How to group the data by api name, date and variou...

kuul13 · ‎07-17-2025

I have tried to write a query that outputs the transaction counts, and response times but not sure how to group it by APIs and the date? Here is what I have written so far:

index=my_app sourcetype=my_logs:hec (source=my_Logger) msgsource="*" msgtype="*MyClient*" host=*  [ |inputlookup My_Application_Mapping.csv  | search Client="SomeBank" | table appl ]
| rex field=elapsed "^(?<minutes>\\d+):(?<seconds>\\d+)\\.(?<milliseconds>\\d+)"
| eval total_seconds = (tonumber(seconds) * 1000)
| eval total_milliseconds = (tonumber(minutes) * 60 * 1000) + (tonumber(seconds) * 1000) + (tonumber(milliseconds))
| timechart span=1m cont=f usenull=f useother=f   count(total_milliseconds) as AllTransactions,  
avg(total_milliseconds) as AvgDuration
count(eval(total_milliseconds<=1000)) as "TXN_1000",
count(eval(total_milliseconds>1000 AND total_milliseconds<=2000)) as "1sec-2sec"
count(eval(total_milliseconds>2000 AND total_milliseconds<=5000)) as "2sec-5sec"
count(eval(total_milliseconds>5000 )) as "5sec+",
| timechart span=1d sum(AllTransactions) as "Total" avg(AvgDuration) as AvgDur
sum(TXN_1000)
sum(1sec-2sec)
sum(2sec-5sec) 
sum(5sec+)

`msgsource` has my API name. The output of above query is:

_time | Total | AvgDur | sum(TXN_1000) | sum (1sec-2sec) | sum(2sec-5sec) | sum(5sec+)
2025-07-10| 10000 | 162.12312322 | 1000 | 122 | 1

I want final output to be
_time| API | Total | AvgDur | sum(TXN_1000) | sum (1sec-2sec) | sum(2sec-5sec) | sum(5sec+)
2025-07-10| RetrievePay2 | 10000 | 162.12312322 | 1000 | 122 | 1
2025-07-10 | RetrievePay5 | 2000 | 62.12131244 | 333 | 56 | 2

2025-07-09| RetrievePay2 | 10000 | 162.12312322 | 1000 | 122 | 1
2025-07-09 | RetrievePay5 | 2000 | 62.12131244 | 333 | 56 | 2

Any help is appreciated. Thanks!

yuanliu · ‎07-23-2025

I know you accepted an answer in Is there a way to group the data by time and another field?

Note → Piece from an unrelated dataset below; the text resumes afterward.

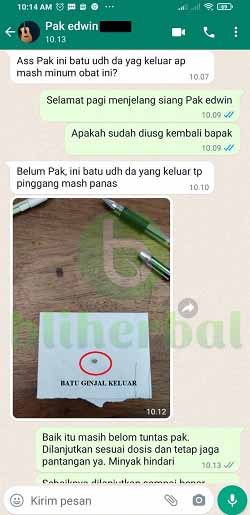 edwin batu ginjal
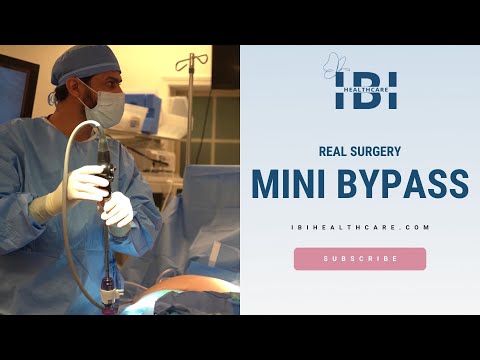 Real Surgery - Mini Gastric Bypass - IBI Healthcare Institute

There is a simpler, perhaps more intuitive approach.

index=my_app sourcetype=my_logs:hec (source=my_Logger) msgsource="*" msgtype="*MyClient*" host=*
    [ inputlookup My_Application_Mapping.csv  | search Client="SomeBank" | table appl ]
| eval total_milliseconds = 1000 * (strptime("00:" . elapsed, "%T.%N") - relative_time(now(), "-0d@d"))
| eval timebucket = case(total_milliseconds <= 1000, "TXN_1000", total_milliseconds <= 2000, "1sec-2sec",
  total_milliseconds <= 5000, "2sec-5sec", true(), "5sec+")
| rename msgsource as API
| bucket _time span=1d
| eventstats avg(total_milliseconds) as AvgDur by _time API
| stats count by AvgDur _time API timebucket
| tojson output_field=api_time _time API AvgDur
| chart values(count) over api_time by timebucket
| addtotals
| spath input=api_time
| rename time as _time
| fields - api_time

Main ideas:

Organizing time bucket by case function is easier to maintain.
Use chart command to perform transpose over one composite field (api_time).
Use tojson to pack all information needed after transpose.

In addition, using strptime to calculate total_milliseconds is more maintainable. (It would be even simpler if Splunk doesn't have a bug near epoc zero.)

kuul13 · ‎07-31-2025

Thanks for the response.

I was trying to see the accuracy of both the queries as I see difference in the counts, the one that you provided and the one from accepted answer. I edit the query to use some mock data. I am not able to use the mock data with the query in accepted answer, I would appreciate if you can help me fix that so that I can compare the results.

| makeresults format=csv data="interactionid,_time,elapsed,msgsource
1,2025-07-31,00:00.756,retrieveAPI
2,2025-07-31,00:00.556,createAPI
3,2025-07-31,00:00.156,createAPI
4,2025-07-31,00:00.256,updateAPI
5,2025-07-31,00:00.356,retrieveAPI
6,2025-07-31,00:00.156,retrieveAPI
7,2025-07-31,00:01.056,createAPI
8,2025-07-31,00:00.256,retrieveAPI
9,2025-07-31,00:06.256,updateAPI
10,2025-07-31,00:10.256,createAPI"
| rex field=elapsed "^(?<minutes>\\d+):(?<seconds>\\d+)\\.(?<milliseconds>\\d+)"
| eval TimeMilliseconds = (tonumber(minutes) * 60 * 1000) + (tonumber(seconds) * 1000) + (tonumber(milliseconds))
| timechart span=1d count as AllTransactions,  
avg(TimeMilliseconds) as AvgDuration
count(eval(TimeMilliseconds<=1000)) as "TXN_1000",
count(eval(TimeMilliseconds>1000 AND TimeMilliseconds<=2000)) as "1sec-2sec"
count(eval(TimeMilliseconds>2000 AND TimeMilliseconds<=5000)) as "2sec-5sec", by msgsource
| untable _time msgsource count
| eval group=mvindex(split(msgsource,": "),0)
| eval msgsource=mvindex(split(msgsource,": "),1)
| eval _time=_time.":".msgsource
| xyseries _time group count
| eval msgsource=mvindex(split(_time,":"),1)
| eval _time=mvindex(split(_time,":"),0)
| table _time msgsource AllTransactions AvgDuration TXN_1000 "1sec-2sec" "2sec-5sec"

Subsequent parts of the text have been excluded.